The Telephone Consumer Protection Act (TCPA) was created to protect consumers from unrestricted telemarketing. Thus, the TCPA prohibits (subject to narrow exceptions) any person within the United States from “initiat[ing] any telephone call to any residential telephone line using an artificial or prerecorded voice to deliver a message without the prior express consent of the called party.” 47 U.S.C. § 227(b)(1)(B) (emphasis added). Violators of the TCPA can be sued for between $500 and $1,500 for each call made without such prior express consent. However, the TCPA is silent regarding whether such prior express consent can be revoked.
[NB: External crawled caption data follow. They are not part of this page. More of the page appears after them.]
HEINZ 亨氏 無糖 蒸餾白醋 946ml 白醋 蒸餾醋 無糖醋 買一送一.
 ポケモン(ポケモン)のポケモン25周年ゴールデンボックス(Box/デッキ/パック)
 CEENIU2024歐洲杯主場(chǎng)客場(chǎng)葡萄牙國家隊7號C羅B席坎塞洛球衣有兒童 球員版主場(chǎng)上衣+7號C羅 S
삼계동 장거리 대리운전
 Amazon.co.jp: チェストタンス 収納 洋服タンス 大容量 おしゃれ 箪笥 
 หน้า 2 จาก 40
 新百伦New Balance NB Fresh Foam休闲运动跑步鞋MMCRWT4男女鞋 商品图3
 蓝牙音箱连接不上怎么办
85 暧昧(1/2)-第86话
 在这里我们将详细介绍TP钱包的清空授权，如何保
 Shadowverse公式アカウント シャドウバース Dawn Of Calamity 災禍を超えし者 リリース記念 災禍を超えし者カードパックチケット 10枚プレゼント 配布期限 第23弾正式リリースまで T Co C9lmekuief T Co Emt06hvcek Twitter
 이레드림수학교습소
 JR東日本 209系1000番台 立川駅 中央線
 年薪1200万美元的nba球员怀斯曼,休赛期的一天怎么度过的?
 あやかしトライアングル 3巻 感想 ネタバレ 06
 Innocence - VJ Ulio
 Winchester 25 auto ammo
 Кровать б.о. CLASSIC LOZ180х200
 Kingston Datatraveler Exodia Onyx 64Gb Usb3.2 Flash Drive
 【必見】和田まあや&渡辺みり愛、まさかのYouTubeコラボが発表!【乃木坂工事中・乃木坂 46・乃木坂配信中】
In 2015, the Federal Communications Commission (FCC), the agency authorized to promulgate rules and regulations to implement the TCPA, held that consumers who freely give informed consent may revoke it under “any reasonable means.” As such, several individuals have sued companies, alleging that despite initially giving express consent, he or she had subsequently revoked consent, thus making post-revocation calls a violation the TCPA. Such allegations have been successful in creating disputes of fact between the parties regarding whether consent was in fact revoked, which often leads to prolonged litigation. The Second Circuit’s recent decision in Reyes v. Lincoln Automotive Financial Services, No. 16-2104-cv, draws a distinction between unilateral consent and consent given as a term of a bilateral contract. This decision arguably gives companies a new tool to use against certain litigants alleging revocation by finding that the TCPA does not permit withdrawal of consent as part of a bargained–for exchange in a bilateral contract.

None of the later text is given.